What you have to do –
When you reach the line below that has "AD克星逆袭 龙龟成功上位野区强力霸主,lol日服", start returning lines exactly, and stop after the line that has "Cumulative Frequency Polygon"; skip the pictures.
START Exercise inputs
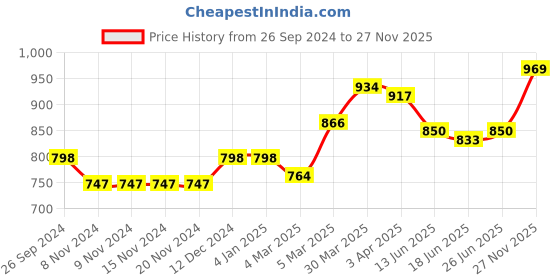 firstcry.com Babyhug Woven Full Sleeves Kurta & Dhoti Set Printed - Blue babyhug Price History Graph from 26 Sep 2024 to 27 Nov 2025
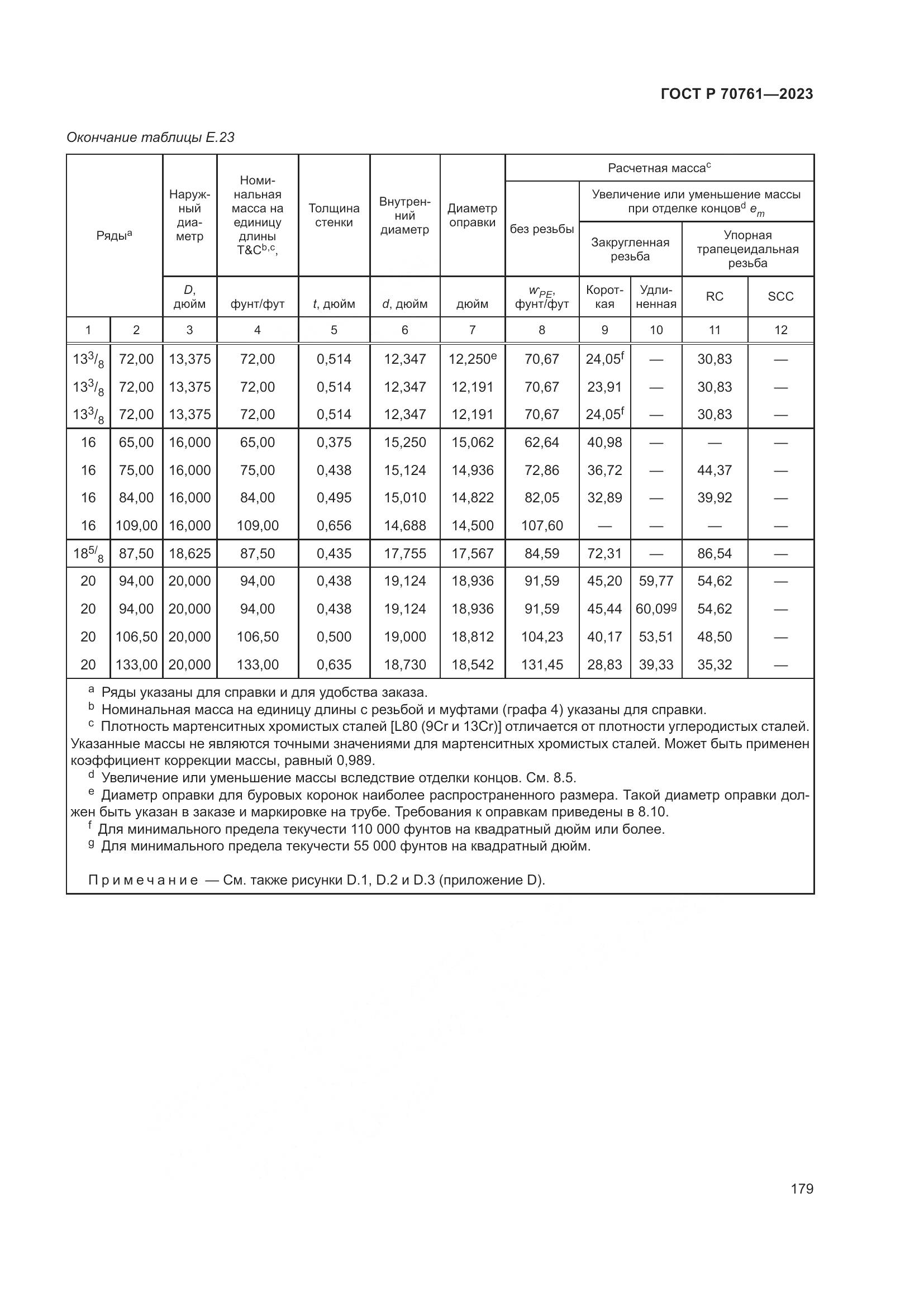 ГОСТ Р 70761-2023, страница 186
END Exercise inputs
START Exercise inputs
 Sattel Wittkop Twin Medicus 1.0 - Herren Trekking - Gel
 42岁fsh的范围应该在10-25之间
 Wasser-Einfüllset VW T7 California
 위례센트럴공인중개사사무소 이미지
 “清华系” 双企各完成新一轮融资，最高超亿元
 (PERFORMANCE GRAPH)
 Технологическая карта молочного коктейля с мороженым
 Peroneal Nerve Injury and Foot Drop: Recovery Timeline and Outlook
END Exercise inputs
START Exercise inputs
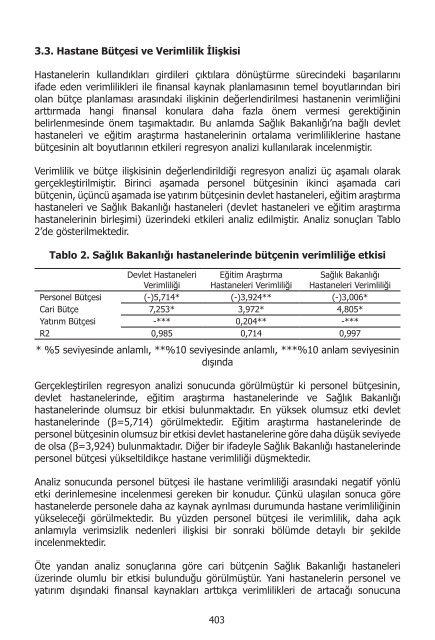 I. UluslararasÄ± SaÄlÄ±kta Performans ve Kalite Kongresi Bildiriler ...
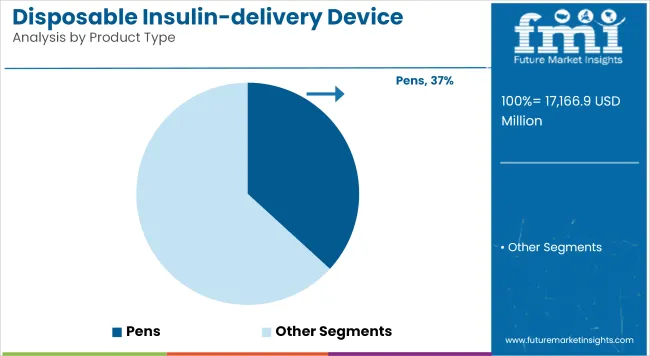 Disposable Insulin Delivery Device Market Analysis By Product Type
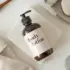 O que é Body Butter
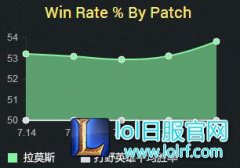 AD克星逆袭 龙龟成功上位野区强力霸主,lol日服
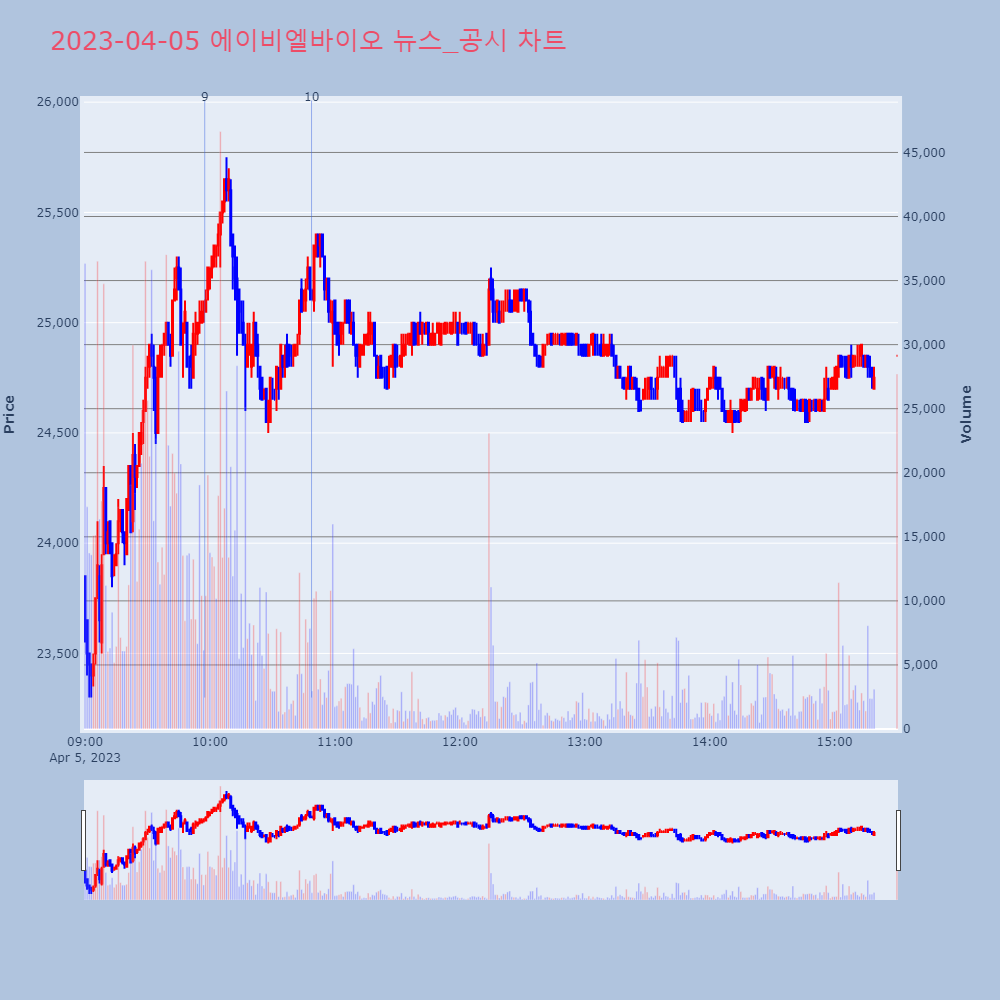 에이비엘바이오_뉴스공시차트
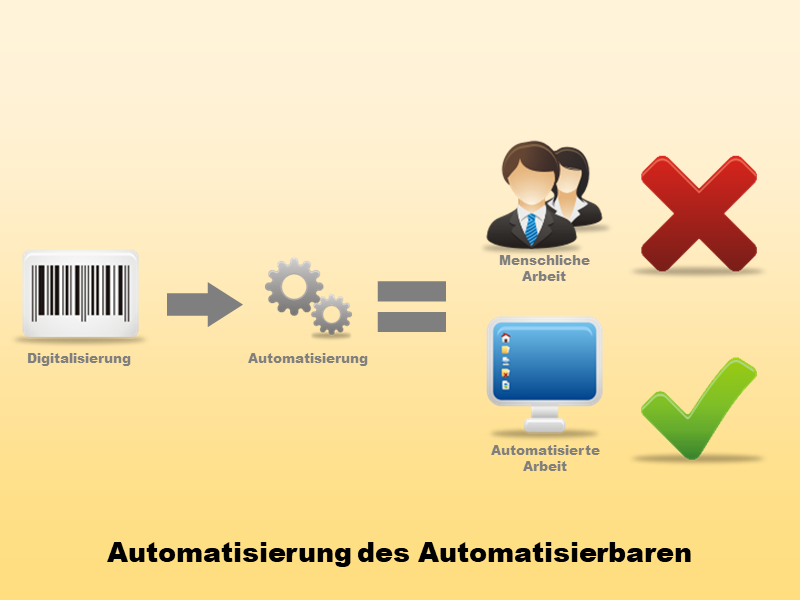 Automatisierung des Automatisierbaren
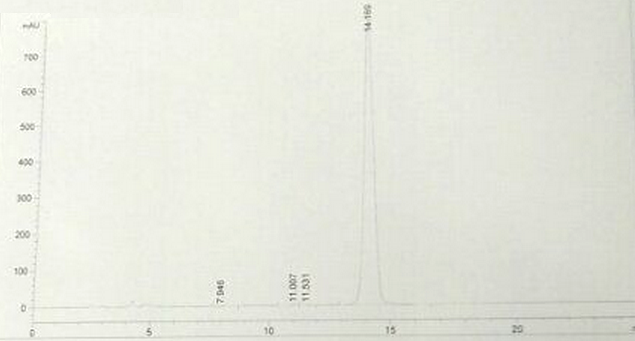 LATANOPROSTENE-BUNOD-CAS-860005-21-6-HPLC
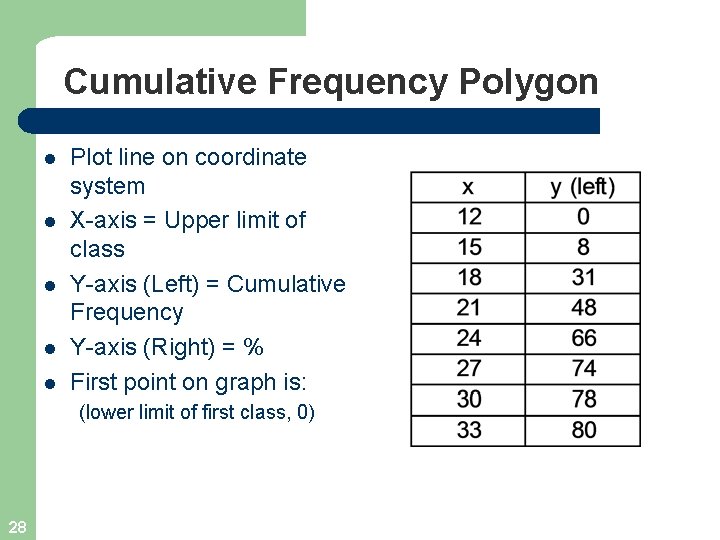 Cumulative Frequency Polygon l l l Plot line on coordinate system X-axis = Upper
END Exercise inputs
Written solution –
 AD克星逆袭 龙龟成功上位野区强力霸主,lol日服
 에이비엘바이오_뉴스공시차트
 Automatisierung des Automatisierbaren
 LATANOPROSTENE-BUNOD-CAS-860005-21-6-HPLC
 Cumulative Frequency Polygon l l l Plot line on coordinate system X-axis = Upper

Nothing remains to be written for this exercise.